Jonas190: Did you ever solve your problem? I had the same issue; after many frustrating attempts, I dismantle the entire saw and took the offending parts to a machine shop. They agreed to try, spending no more then one hour ($120). They succeeded! I put it back together yesterday, and raising/lowering the blade is now so easy that I did it a dozen times (OK, OK, eight times) just for the fun of it.

But in the process of looking for a solution, I also found that Sears still has one of the parts (the cradle (part # 62489)), and that the other part (the housing, arbor (part # 30420)) would have been available on eBay. It's been sold in the meantime.

I hope to hear from you.


----------



## Tman1 (Jan 14, 2013)

For anybody with this problem in the future, there is one solution that was not discussed.
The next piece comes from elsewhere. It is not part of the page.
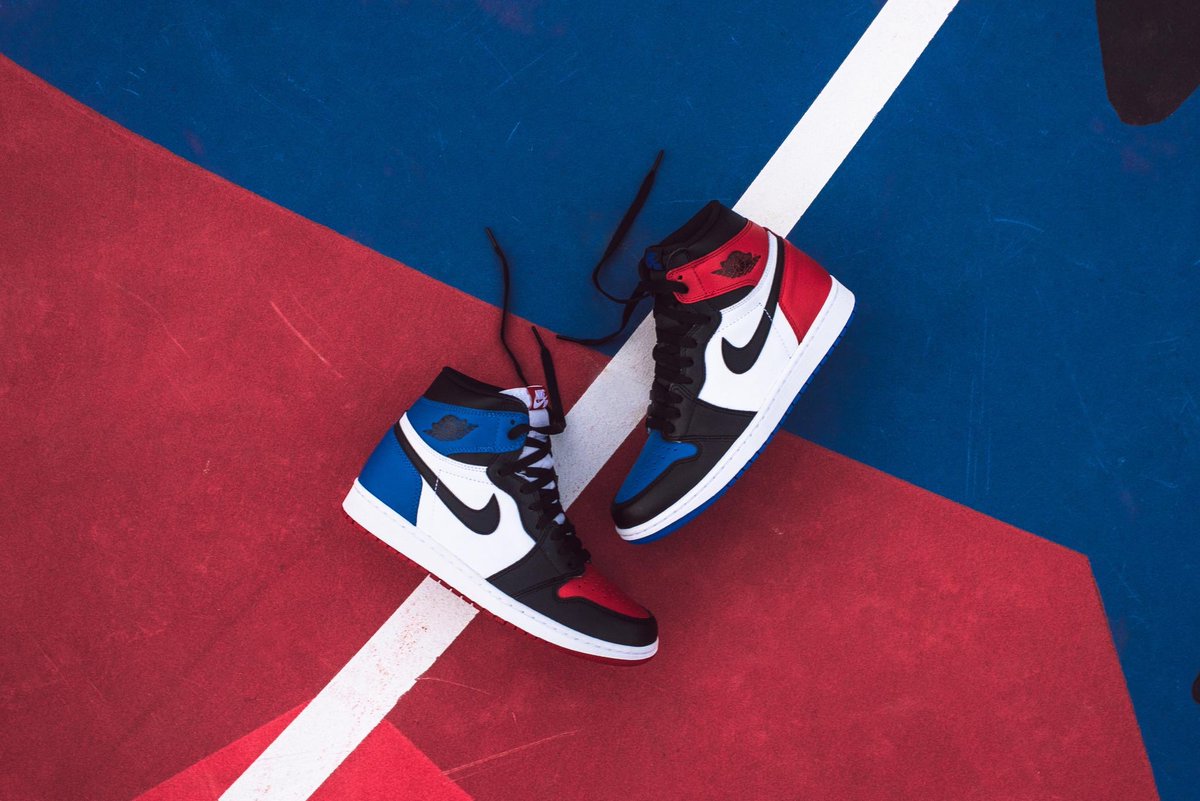 ___envied's tweet photo. Air Jordan 1 Retro High OG Top 3 x Street Runnas 😳🤔👑👕👟✨ [theRunnas] https://t.co/zZzDg3jf5K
If you look at the troubleshooting section of the manual linked above, it mentions that having the bearing retainers too tight can cause it to be stiff. The manual tells how to adjust this on the bottom of page 34. This could also be handy if your adjustment is too loose.


----------



## emason61 (Dec 12, 2014)

*Craftsman 113 table saw arbor housing issue*

I'm rebuilding a Craftsman 113 table saw and also had a very difficult time removing the arbor housing from the cast base. I used Kano Aerokroil penetrant and could not get it to budge. I didn't make any progress until I used a large gear puller using very high torque on the gear puller center screw. After the housing was off the cast base, I cleaned up the shaft and bored housing hole and lubricated with Johnson's paste wax. The issue I'm having is the arbor housing does not easily go back on the casting base shaft. Tapping it on with a wooden hammer requires very hard hits and once it started to drop down onto the shaft just a little, the housing would not rotate by hand. I removed the housing and tried grease with the same results. The only thing I can think has happened is the top of the shaft mushroomed out to a slightly larger diameter from the pressure of the gear puller. Has anyone run into this? Any suggestions?


----------



## emason61 (Dec 12, 2014)

Borrowed a 3/4 honer from a local shop. Did the trick. Housing slides on and rotates freely.


----------



## JD1962 (Feb 19, 2019)

Currently having the same issue with mine. It was in my Father-in-laws damp basement for over 30 years. When it started binding up on him he just put the blade up high enough for all his cutting and left it there. I have taken everything apart except for removing the arbor from the cradle. I used a impact wrench on the screw lift to break it free and instead of the arbor turning on the shaft the shaft turned where it is pressed into the cradle. I spent 3 week soaking it with a penitent oil. and it still would not budge. Due to the unusual shape of the arbor I could not get any gear pullers to work. My next step today was lock it into a vice apply heat and use 2 pry bars to break it loose. I do not recommend that approach The cradle broke when the shaft is pressed into it. A couple more hours in the vice with heat, penetrating oil and pipe wrench;s I was able to get the broken piece off the shaft. After more heat and oil I got the shaft to move about 1/4 of a inch in the arbor. Mind you this is the part that should turn easily with the hand crank. I realized a shop press would push the pin out and called a friend who work in a large shop. He is going to punch out the pin tomorrow. I found a new cradle online for $80. There is no easy way to take this once they freeze up. The shop press would not have worked until I broke it. The unusual shape of the cradle and arbor prevents using one and many other tools designed for separating stuck parts. When I reinstall I plan on using a high quality synthetic grease or the dry graphite lubricant. Need to research that a bit first. But yearly maintenance on this part is definitely in order.


----------



## blevy009 (Jun 15, 2021)

jonas190 said:


> Hi,
> 
> I have two Craftsman table saws circa 1984-1985, model no. 113.298240, both suffering from the same problem. The Arbor Housing (part no. 30420), which controls the blade depth adjustment, is incredibly slow and difficult to turn. On one saw it has frozen completely. There is a shaft connecting the Arbor Housing to the Cradle (part no. 62489) on which the Arbor Housing is meant to rotate. I figured that both of these saws are old, lubricated with engine oil and full of saw dust, and probably just needed a good cleaning to free them up. Not so!
> 
> ...


I had exactly the same problem, just got harder and harder over the yrmears until it wouldn't move. I just pulled the lift gear off the shaft and found a hard sticky grease residue on the shaft and in the hole.There is no way to attach a simple gear puller, so I drilled and tapped 3 holes in arbor gear (8/32) and high grade machine screws to attach a gear pulling plate. 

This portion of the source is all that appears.